General Motors' Cruise, the self-driving car unit, faces a lengthy journey to regain public and regulatory trust after a recent safety report commissioned by Cruise highlighted significant issues. GM has slashed about $1 billion from Cruise's annual budget and delayed plans for the unit's return to operations, leaving uncertainty about when its autonomous vehicles will be back on the road. The company faces investigations from various government bodies, including the National Highway Traffic Safety Administration (NHTSA), after an October accident led to the grounding of its U.S. fleet. Cruise appeared to have withheld evidence by both missteps and design, as reported by law firm Quinn Emanuel.

Despite these challenges, GM CEO Mary Barra expressed commitment to Cruise, which incurred a $2.7 billion pretax loss in the previous year. Cruise has laid off a quarter of its staff and grounded its fleet since the October incident. To resume open-road testing, Cruise must navigate regulatory hurdles from agencies such as California's Public Utilities Commission and Department of Motor Vehicles. The company faces probes from the U.S. Justice Department and Securities and Exchange Commission.

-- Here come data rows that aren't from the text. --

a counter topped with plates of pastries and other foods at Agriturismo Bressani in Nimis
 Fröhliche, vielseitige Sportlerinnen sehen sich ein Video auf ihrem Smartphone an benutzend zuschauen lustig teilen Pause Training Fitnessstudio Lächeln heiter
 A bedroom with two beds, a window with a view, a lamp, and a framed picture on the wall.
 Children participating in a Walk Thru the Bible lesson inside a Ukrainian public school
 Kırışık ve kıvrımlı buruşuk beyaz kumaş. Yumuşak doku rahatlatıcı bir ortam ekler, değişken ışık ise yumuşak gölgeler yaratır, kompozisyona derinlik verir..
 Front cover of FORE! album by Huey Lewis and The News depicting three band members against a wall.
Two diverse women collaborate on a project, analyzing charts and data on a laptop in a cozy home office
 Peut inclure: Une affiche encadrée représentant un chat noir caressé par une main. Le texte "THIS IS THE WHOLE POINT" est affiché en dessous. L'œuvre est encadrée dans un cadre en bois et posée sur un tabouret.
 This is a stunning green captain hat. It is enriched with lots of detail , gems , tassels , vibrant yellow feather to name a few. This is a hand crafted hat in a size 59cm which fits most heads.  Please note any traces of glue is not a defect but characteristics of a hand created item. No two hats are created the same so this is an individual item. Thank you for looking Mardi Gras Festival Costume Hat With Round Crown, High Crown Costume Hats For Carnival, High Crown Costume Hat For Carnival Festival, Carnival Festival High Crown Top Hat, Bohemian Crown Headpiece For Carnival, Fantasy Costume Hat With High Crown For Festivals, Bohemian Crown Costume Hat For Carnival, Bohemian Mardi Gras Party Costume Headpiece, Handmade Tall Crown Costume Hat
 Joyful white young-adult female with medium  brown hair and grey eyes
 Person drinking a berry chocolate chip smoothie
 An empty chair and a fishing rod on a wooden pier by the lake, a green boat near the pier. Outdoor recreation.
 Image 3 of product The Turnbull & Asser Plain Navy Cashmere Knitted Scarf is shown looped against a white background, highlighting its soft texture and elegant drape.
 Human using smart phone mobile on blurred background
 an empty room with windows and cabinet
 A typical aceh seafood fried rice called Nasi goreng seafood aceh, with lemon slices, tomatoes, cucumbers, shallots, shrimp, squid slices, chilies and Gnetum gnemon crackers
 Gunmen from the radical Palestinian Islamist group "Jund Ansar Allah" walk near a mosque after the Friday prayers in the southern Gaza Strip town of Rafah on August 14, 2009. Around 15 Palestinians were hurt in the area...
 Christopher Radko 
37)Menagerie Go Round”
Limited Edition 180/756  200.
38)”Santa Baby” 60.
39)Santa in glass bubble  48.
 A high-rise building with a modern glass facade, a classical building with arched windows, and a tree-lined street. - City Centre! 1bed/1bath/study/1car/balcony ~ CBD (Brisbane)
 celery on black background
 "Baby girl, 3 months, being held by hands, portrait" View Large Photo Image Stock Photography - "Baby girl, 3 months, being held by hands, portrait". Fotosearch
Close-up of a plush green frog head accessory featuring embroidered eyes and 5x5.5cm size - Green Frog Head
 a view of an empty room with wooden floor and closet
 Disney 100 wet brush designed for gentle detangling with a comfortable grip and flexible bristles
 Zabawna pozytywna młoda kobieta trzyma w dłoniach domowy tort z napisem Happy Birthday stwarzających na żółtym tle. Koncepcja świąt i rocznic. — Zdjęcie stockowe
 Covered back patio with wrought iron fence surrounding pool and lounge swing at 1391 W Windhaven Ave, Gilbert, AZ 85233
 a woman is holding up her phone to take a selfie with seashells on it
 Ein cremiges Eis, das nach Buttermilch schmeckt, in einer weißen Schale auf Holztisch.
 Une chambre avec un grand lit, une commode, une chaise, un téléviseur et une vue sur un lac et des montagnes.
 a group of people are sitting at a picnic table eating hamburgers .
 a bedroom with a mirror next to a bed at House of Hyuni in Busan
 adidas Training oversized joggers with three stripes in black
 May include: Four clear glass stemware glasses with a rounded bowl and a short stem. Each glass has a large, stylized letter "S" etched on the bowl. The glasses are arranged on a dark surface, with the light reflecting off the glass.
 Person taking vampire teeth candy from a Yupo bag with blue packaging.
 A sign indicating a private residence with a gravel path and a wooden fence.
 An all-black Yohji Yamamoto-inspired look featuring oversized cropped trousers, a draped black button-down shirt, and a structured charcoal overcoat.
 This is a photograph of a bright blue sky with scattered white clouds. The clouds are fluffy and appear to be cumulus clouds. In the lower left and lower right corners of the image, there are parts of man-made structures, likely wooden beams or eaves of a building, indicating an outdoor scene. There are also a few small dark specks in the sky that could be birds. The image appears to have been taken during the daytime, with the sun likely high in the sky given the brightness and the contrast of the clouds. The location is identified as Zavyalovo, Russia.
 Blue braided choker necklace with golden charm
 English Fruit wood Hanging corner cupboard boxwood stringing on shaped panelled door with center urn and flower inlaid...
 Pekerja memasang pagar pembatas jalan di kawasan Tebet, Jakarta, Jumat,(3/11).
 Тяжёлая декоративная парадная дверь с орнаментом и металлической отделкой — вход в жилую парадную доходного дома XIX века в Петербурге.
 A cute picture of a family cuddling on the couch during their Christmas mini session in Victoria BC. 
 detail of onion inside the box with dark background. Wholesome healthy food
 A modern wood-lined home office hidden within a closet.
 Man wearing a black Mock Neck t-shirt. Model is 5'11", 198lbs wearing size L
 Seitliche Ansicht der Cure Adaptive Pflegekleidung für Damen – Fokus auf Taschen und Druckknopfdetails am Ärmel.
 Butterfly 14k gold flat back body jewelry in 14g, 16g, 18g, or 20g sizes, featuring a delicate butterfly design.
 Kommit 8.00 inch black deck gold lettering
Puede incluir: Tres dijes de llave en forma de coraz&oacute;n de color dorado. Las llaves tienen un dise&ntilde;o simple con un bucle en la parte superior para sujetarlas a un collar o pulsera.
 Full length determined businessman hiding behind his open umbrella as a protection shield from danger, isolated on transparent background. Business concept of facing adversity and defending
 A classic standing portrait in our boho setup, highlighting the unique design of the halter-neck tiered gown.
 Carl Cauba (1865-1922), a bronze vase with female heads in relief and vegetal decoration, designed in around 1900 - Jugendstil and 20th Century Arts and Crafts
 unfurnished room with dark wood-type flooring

Cruise aims to rebuild trust by disclosing more data to regulators and the public. While a Cruise spokesman mentioned the goal of relaunching with supervised driving in one city as soon as possible, internal sources hinted that a return might not occur until the fourth quarter. Cruise has lost its California permit, and discussions about potential relaunch cities, such as Houston and Dallas, are underway. Any relaunch would likely begin cautiously with a small number of cars and no passengers. An engineering analysis commissioned by Cruise revealed failures in the October accident, but GM's Barra maintains that Cruise technology is safer than a human driver. The company is working to retain critical staff for technology development.